**YOUR ASSIGNMENT**: Leave the pictures out and restate every line below exactly.

**GIVEN INFORMATION**:

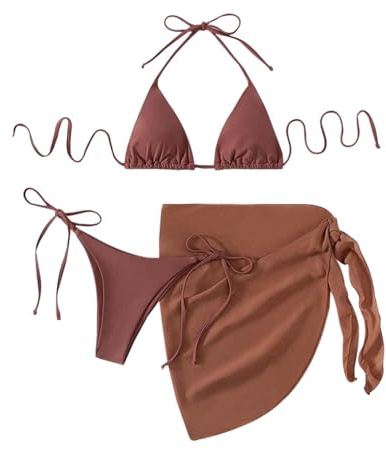 Tankini set med 3 delar för kvinnor med enfärgad triangelkupa överdel, knytband, kjolbyxor för pool, semester, kaffe, L
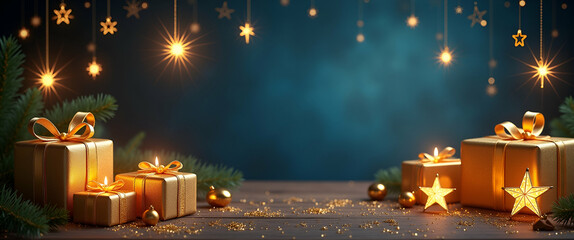 Epiphany Frame with Radiant Stars and Golden Gifts for Celebratory Messages - Space for Personalization on Left Side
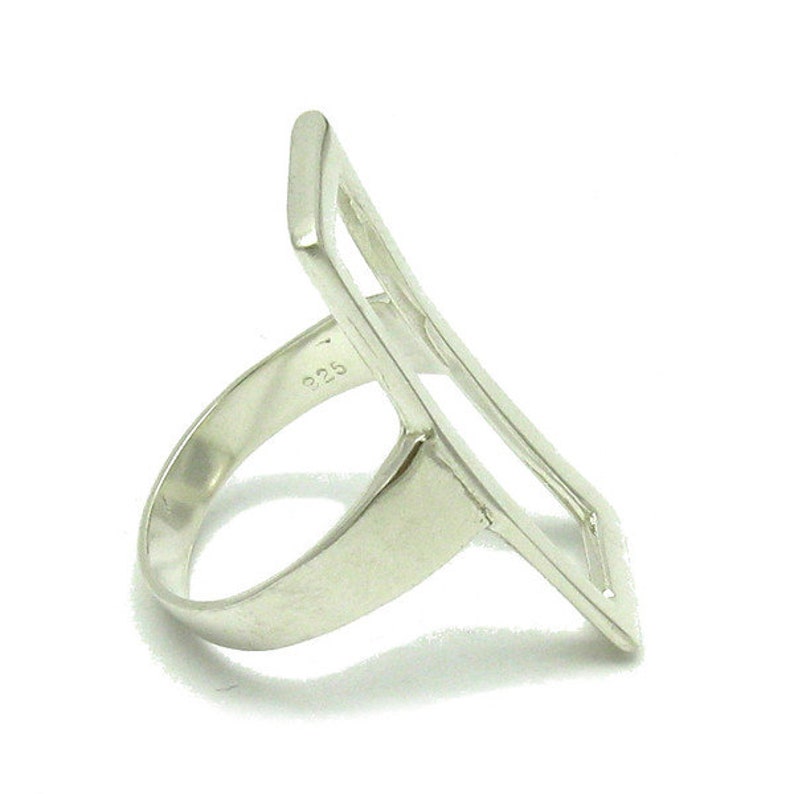 R000448 Stylish STERLING SILVER Ring Long 925 image 2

**ANSWER SPACE**:
 Tankini set med 3 delar för kvinnor med enfärgad triangelkupa överdel, knytband, kjolbyxor för pool, semester, kaffe, L
 Epiphany Frame with Radiant Stars and Golden Gifts for Celebratory Messages - Space for Personalization on Left Side
 R000448 Stylish STERLING SILVER Ring Long 925 image 2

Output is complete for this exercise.